About this task:
The expected output is each line in the data below that includes the string "molecular".

******

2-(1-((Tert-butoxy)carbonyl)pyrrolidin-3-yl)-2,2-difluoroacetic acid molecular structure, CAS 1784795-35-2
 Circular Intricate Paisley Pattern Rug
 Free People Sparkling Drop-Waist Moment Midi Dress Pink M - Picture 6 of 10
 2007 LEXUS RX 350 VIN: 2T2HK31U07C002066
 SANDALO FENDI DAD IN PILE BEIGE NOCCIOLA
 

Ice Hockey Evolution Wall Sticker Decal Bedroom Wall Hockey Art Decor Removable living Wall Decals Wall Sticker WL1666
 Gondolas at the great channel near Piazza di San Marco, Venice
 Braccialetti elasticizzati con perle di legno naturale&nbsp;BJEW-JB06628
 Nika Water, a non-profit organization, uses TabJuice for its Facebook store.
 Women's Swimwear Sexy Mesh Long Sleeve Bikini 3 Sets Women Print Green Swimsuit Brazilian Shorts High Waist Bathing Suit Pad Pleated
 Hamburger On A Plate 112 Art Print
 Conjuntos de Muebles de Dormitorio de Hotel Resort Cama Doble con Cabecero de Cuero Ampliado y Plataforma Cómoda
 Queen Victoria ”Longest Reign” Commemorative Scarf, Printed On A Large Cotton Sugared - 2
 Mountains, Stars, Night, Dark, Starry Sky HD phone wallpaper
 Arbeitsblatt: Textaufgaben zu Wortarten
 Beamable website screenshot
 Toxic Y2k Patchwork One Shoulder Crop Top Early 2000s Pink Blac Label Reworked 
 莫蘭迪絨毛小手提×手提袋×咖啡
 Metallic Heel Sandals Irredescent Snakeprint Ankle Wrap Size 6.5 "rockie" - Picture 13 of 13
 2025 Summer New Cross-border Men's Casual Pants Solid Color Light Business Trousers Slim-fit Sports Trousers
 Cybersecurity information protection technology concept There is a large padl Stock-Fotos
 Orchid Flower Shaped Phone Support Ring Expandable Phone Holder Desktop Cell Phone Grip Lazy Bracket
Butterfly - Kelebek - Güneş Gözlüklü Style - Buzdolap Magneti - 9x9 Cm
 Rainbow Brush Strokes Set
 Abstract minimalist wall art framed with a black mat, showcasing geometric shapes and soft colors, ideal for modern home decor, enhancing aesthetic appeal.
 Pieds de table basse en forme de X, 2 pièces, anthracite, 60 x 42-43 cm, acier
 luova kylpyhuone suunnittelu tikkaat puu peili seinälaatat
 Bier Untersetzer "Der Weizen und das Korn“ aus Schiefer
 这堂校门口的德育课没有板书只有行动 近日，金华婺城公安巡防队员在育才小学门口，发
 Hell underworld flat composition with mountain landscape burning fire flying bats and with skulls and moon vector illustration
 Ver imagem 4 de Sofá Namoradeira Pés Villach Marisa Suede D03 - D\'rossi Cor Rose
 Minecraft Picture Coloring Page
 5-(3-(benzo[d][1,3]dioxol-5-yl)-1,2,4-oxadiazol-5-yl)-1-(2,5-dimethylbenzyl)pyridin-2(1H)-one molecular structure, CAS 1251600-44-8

******

Answer area:
2-(1-((Tert-butoxy)carbonyl)pyrrolidin-3-yl)-2,2-difluoroacetic acid molecular structure, CAS 1784795-35-2
 5-(3-(benzo[d][1,3]dioxol-5-yl)-1,2,4-oxadiazol-5-yl)-1-(2,5-dimethylbenzyl)pyridin-2(1H)-one molecular structure, CAS 1251600-44-8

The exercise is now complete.